I am reading in my textbook about the derivation of the general solution for $$\dfrac{dy}{dx} + P(x)y=f(x)$$
First, the textbook shows that a general solution for this DE is composed by the sum of a particular solution of the DE, $y_p$, and the general solution, $y_c$, of the associated homogeneous equation $\dfrac{dy}{dx} + P(x)y=0$. That is, $$y=y_c+y_p$$
The book proceeds to use separation of variables to conclude $y_c=ce^{-\int P(x)dx}$, and the text assigns $y_1(x)= e^{-\int P(x)dx}$ so that $y_c=cy_1(x)$
Then the book proceeds:
"We can now find a particular solution of equation (2) [the original, non-homogeneous linear ODE] by a procedure known as variation of parameters. The basic idea here is to find a function $u$ so that $y_p=u(x)y_1(x)$….In other words, our assumption for $y_p$ is the same as $y_c=cy_1(x)$ except that $c$ is replaced by the 'variable parameter' $u$."
The book makes it seem that variation of parameters is a common and well established technique for solving DE. Is there a solid reason of why variation of parameters was used, or is it just a technique that we try out, and sometimes works and sometimes doesn't?

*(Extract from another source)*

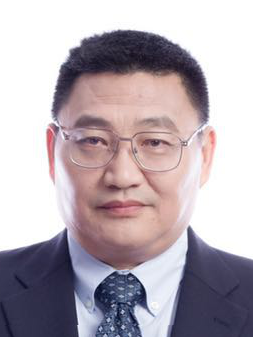 Xin Zhao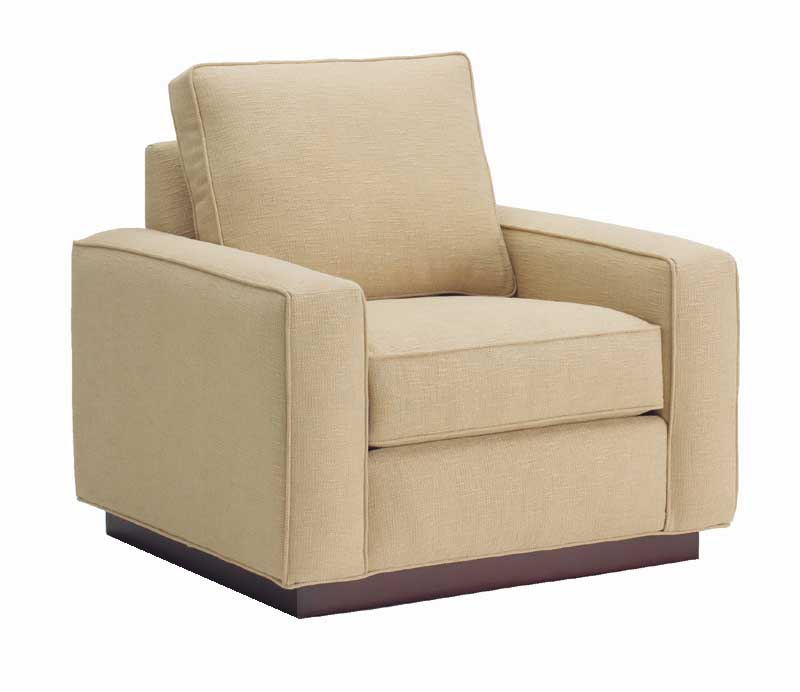 AustinChair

Why does the book say "In other words, our assumption for $y_p$ is the same as $y_c=cy_1(x)$"? There always exists such a $u$, which can be expressed as $u(x)=\dfrac{y_p(x)}{y_1(x)}$ (the denominator will never be zero). I don't see the need for using the work "assumption" since I am not sure that we are taking anything for granted. Is this just poor wording for "we set $y_p=u(x)y_1(x)$, which has a similar form as $y_c=cy_1(x)$"?
Best Answer
The intuition behind $y_p(x) = u(x)y_1(x)$ is that when we differentiate using the product rule, we already know something nice about the derivative of $y_1(x)$. It seems to work well in this linear first-order case (which is a large class of problems). I don't know if it will work out for other problems, let's try it for second order linear problems:
Inhomogeneous ODE: $y''(x) + P(x)y'(x) + Q(x)y(x) = f(x) $
Homogeneous version: $y''(x) + P(x)y'(x) + Q(x)y(x) = 0$
Let $y_1(x)$ be a nonzero solution to the homogeneous equation. Let's try the form:
$$ \boxed{y(x) = u(x)y_1(x)}$$
Differentiating gives: \begin{align} y(x) &= u(x)y_1(x)\\ y'(x) &= u(x)y_1'(x) + u'(x)y_1(x)\\ y''(x) &= u(x)y_1''(x) + u'(x)y_1'(x) + u''(x)y_1(x) + u'(x)y_1'(x) \end{align} Thus: \begin{align} y''(x) &= u(x)y_1''(x) + 2u'(x)y_1'(x) + u''(x)y_1(x)\\ P(x)y'(x) &= P(x)u(x)y_1'(x) + P(x)u'(x)y_1(x)\\ Q(x)y(x) &= Q(x)u(x)y_1(x) \end{align} Adding the above three equations, setting the result to $f(x)$, and using the fact that $y_1''+Py_1'+Qy_1=0$ gives: $$ f(x) = y''(x) + P(x)y'(x) + Q(x)y(x) = u''(x)y_1(x) + u'(x)(2y_1'(x)+P(x)y_1(x)) $$ Well now this is pretty nice because we can define $g(x) = u'(x)$ and we get: $$ f(x)/y_1(x) = g'(x) + g(x)\left(\frac{2y_1'(x) + P(x)y_1(x)}{y_1(x)}\right) $$ This is in fact a linear (inhomogeneous) first order equation in $g(x)$, so we can solve it. Thus: The technique is also useful here!